What the task requires: Since the listing below shows pictures, leave them out and write out exactly the lines from the line with "Aankondiging van het" to the line with "Woods and Stars Wallpaper - Buff and Gold", both included, and no others.

Task input:
..............................
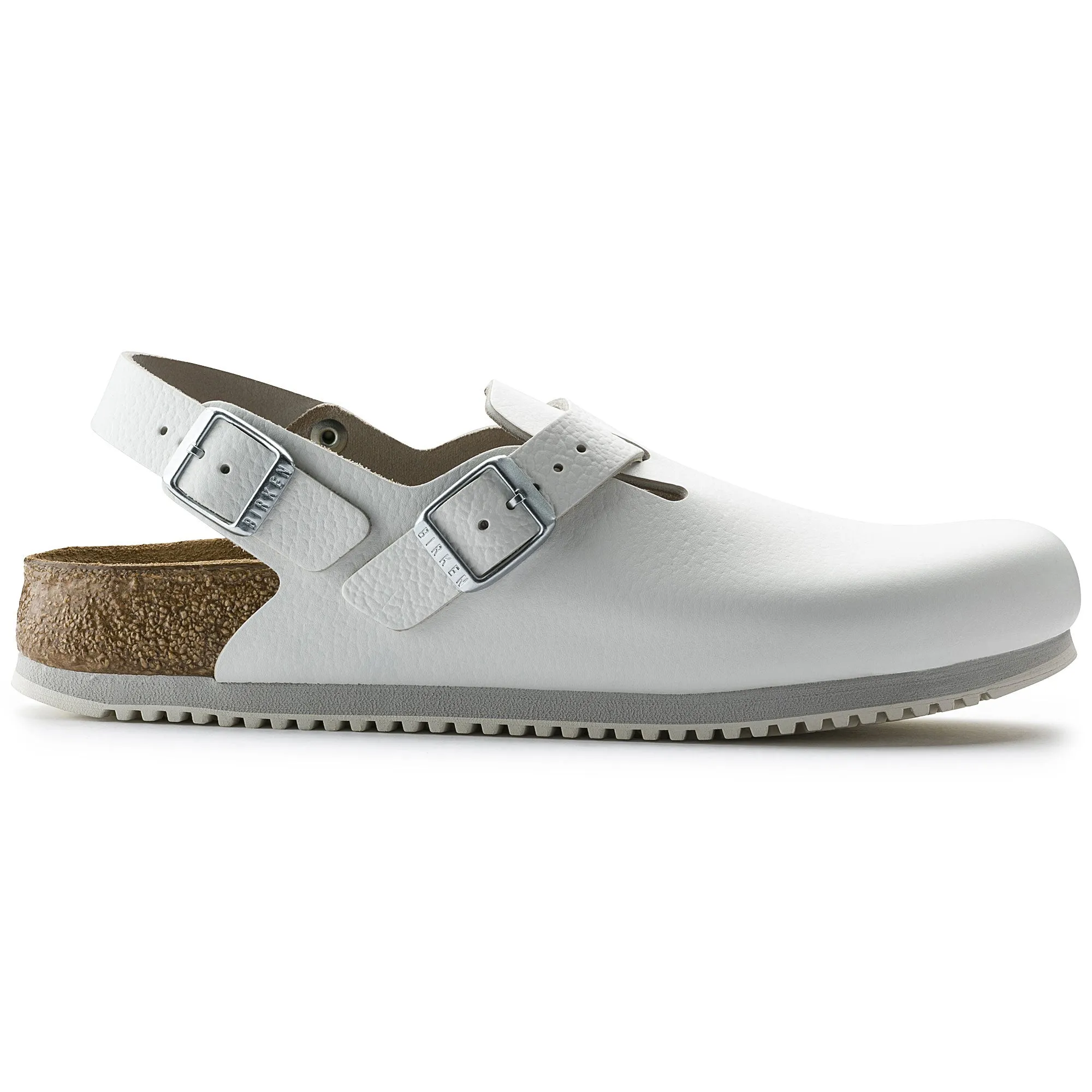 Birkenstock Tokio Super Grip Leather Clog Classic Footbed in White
..............................
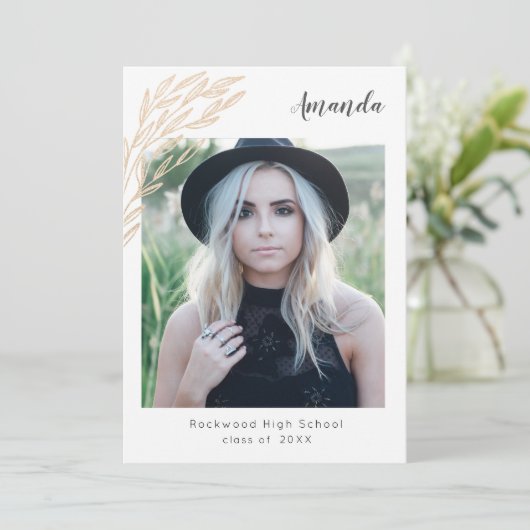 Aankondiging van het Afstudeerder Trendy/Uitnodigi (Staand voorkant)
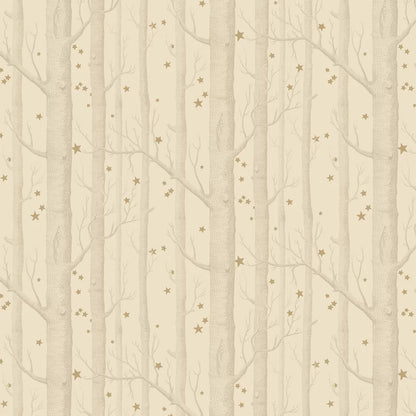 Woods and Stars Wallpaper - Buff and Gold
..............................
Exercise answer:
 Aankondiging van het Afstudeerder Trendy/Uitnodigi (Staand voorkant)
 Woods and Stars Wallpaper - Buff and Gold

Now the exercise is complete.